In this study, we conducted a transcriptional analysis between the wild type and CcPmk1 deletion mutants and found that 777 genes were differentially expressed in the CcPmk1 deletion mutant compared with the wild type, including 523 significantly down‐regulated genes and 254 significantly up‐regulated genes. Functional annotation revealed that CcPmk1 was required for the expression of genes involved in many biological processes, such as ribosome biogenesis, rRNA processing, secondary metabolism, and transcriptional regulation. Silencing BcPmk1 in B. cinerea with the conserved BcPmk1 and CcPmk1 sequences using the TRV‐based VIGS system significantly compromised the virulence of B. cinerea to N. benthamiana. Overall, the results suggest that CcPmk1 is a regulator of pathogenicity in C. chrysoperma, which can potentially be used as a target for disease control.

Fus3/Kss1‐type MAPK is required for virulence in several plant‐pathogenic fungi, and this crucial function is also proven for CcPmk1 of C. chrysosperma. Here, we observed that CcPmk1 shared more than 90% sequence identity with Pmk1 orthologs from phytopathogens belonging to Ascomycota, which were higher than those from plant‐pathogenic oomycetes and basidiomycetes. For the Pmk1 orthologs from nonplant pathogens, several also showed high sequence identities with CcPmk1 (over 90%), such as Microdochium bolleyi, Trichoderma reesei, and Cenococcum geophilum, while Pmk1 orthologs from S. cerevisiae, Laccaria bicolor, and Exidia glandulosa showed low sequence identities with CcPmk1 (below 75%). Pathogenesis is a very complex process involving multiple signalling pathways and various gene regulatory relationships as well as other processes. It is reasonable that the Pmk1 homologs in pathogenic and nonpathogenic fungi exhibit distinct functions in pathogenicity even if their sequences are highly similar. Previous reports from phytopathogens reveal conserved regulatory functions of Pmk1 orthologs in addition to pathogenicity, such as mating, fungal growth, and conidiation (Hu et al., 2007; Mayorga & Gold, 1999; Müller et al., 1999; Xu & Hamer, 1996). These functions may be conservative and important in nonpathogenic fungi as well. Additionally, a conserved TEY phosphorylation site was found among almost all the Pmk1 orthologs from selected fungi and plant‐pathogenic oomycetes, including pathogenic and nonpathogenic microorganisms, indicating that this kinase is evolutionarily conserved. Remarkably, MAPK cascades use protein phosphorylation/dephosphorylation cycles to channel information. Therefore, we considered that the phosphorylation site TEY may play a key and conserved role in Pmk1 kinase and further research on the function of the phosphorylation site should be conducted to reveal the specific mechanism of Pmk1.

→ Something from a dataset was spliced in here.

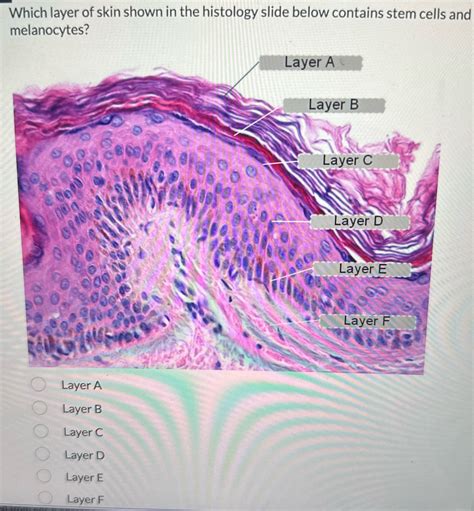 Layers Of Skin Histology 2 Skin Histology With Garland At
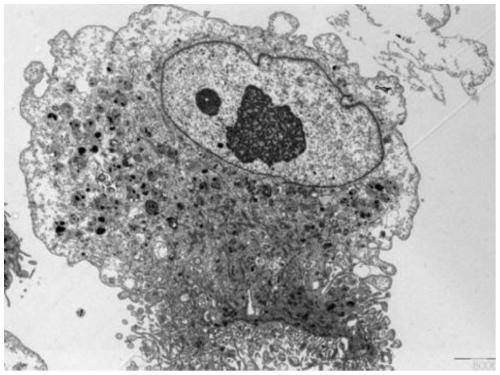 Primary human osteosarcoma cell strain NEO217-luc from spine and construction method and application of cell strain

Moreover, phosphorylation signals are important in many cellular processes, hence kinases and phosphatases are among the most extensively studied enzymes (Ghosh et al., 2014). Reversible protein phosphorylation on serine, threonine, tyrosine, or histidine residues plays a critical role in the regulation of physiological processes in the cells of microorganisms (Ravikumar et al., 2014). Protein phosphorylation in nonpathogenic fungi is reported to affect an estimated 30% of the proteome and is a major regulatory mechanism that controls many basic cellular processes (Manning et al., 2002; Ptacek et al., 2005). Studies on plant fungal pathogens have demonstrated that protein phosphorylation is also required for various regulatory functions (Bohnert et al., 2019). For example, in M. oryzae, protein phosphorylation regulates infection‐related morphogenesis and pathogenicity via signalling pathways, that is, the MAPK and cyclic adenosine monophosphate (cAMP)‐dependent protein kinase (protein kinase A [PKA]) (Xu & Hamer, 1996). Our results showed that many of the genes involved in protein phosphorylation were significantly down‐regulated in the CcPmk1 deletion mutant, such as GME6673_g and GME8763_g, which were predicted to be serine/threonine protein kinases, and GME7613_g, predicted as a CAMK protein kinase. Therefore, we speculate that CcPmk1 may affect the expression levels of other kinases to control signal transduction and phosphorylation processes, resulting in diverse phenotypes that distinguish the mutant from the wild type.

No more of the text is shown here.